Brussels, Apr 1 (efe-epa).- The European Commission on Wednesday said it will launch a new short-term work scheme to help people and companies in countries such as Italy and Spain that have been hardest hit by the coronavirus pandemic.
In a video statement, EC president Ursula von der Leyen called the COVID-19 outbreak the “greatest human tragedy since the wars” and said the EU was “mourning with” the bloc’s worst affected members.
“Europe is coming to their support with a new initiative,” Von der Leyen said.
She described Madrid and Milan and their surrounding areas, both hotspots for the virus, as “part of the backbone of Europe’s economy.”
“They need our support to get through the crisis,” she continued. “This is why we have developed the concept of short time work.
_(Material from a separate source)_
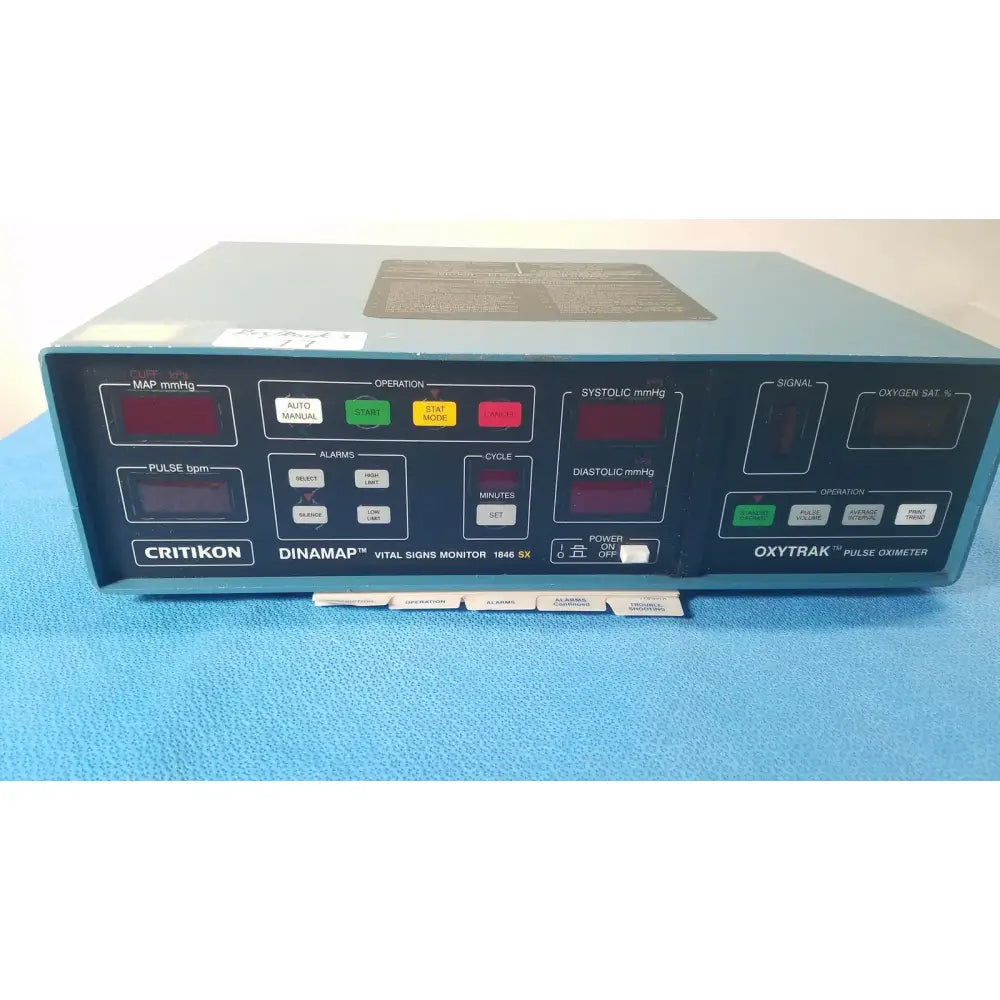 Reuse Medical Critikon Dinamap 1846 SX Vital Signs Monitor with Oxytrak Pulse Oximeter Other Medical & Lab Equipment, as-is (for parts) product photo 1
It is intended to help all countries that have been hard hit, and it will do so thanks to the solidarity of other member states.”
The announcement follows last week’s failure by EU leaders to agree on a coordinated economic and fiscal response to tackle the effects of the crisis.
Consensus was held back by divisions arising between nine countries that are struggling most to contain the outbreak, including Spain, Italy and France, and mostly northern nations such as Germany, Austria and the Netherlands.
The main sticking point at the meeting was over a proposal to create so-called “Corona bonds,” which would entail issuing joint bonds to help stimulate the bloc’s economy from the slowdown caused by the coronavirus.
Rome and Madrid last week urged the EU to approve the release of supplementary funds and bonds, but all the bloc could achieve was convening a follow up meeting, due next week.
The Eurogroup, which gathers the EU’s finance and economy ministers, is meeting on 7 April in a bid to propose measures that will further mitigate the socio-economic damage of the crisis after last week’s failed Council summit.
Germany’s Chancellor Angela Merkel said last week that corona bonds were “not on the agenda,” with Dutch Prime Minister Mark Rutte also standing firm.
The debt and euro crisis that followed the financial collapse in 2008 still haunts some of northern Europe’s decision-makers.
But others in the Netherlands have urged the leadership to lend more support to their fellow EU members.
The Netherlands will “no longer be a rich country in the North if the South falls,” Nout Wellink, former president of the Dutch Central Bank, told public radio this week.
“It’s like a healthy man being swept up by an avalanche,” he added.
The impasse has led to accusations from Italy, Spain and others that their European partners are abandoning them in the midst of a crisis that Italian Prime Minister Giuseppe Conte has said “affects us all.”
The Commission’s proposal of a state-supported short-time work scheme known as SURE, seeks to respond to and quell some of those fears by protecting jobs and subsidising companies that are unable to turn a profit due to the slowdown.
The framework is designed to complement those already in place in countries like Germany (‘Kurzarbeit’ or ‘short work’) and Spain, whose equivalent is the ERTE.
“We have learnt the lessons from the crisis in 2008,” Von der Leyen said. “Member states who had this instrument helped millions stay in their jobs and companies to go through the crisis with their employees.
“It has mitigated the effects of the recession, kept people in work, and enabled companies to return to the markets with renewed vigor.”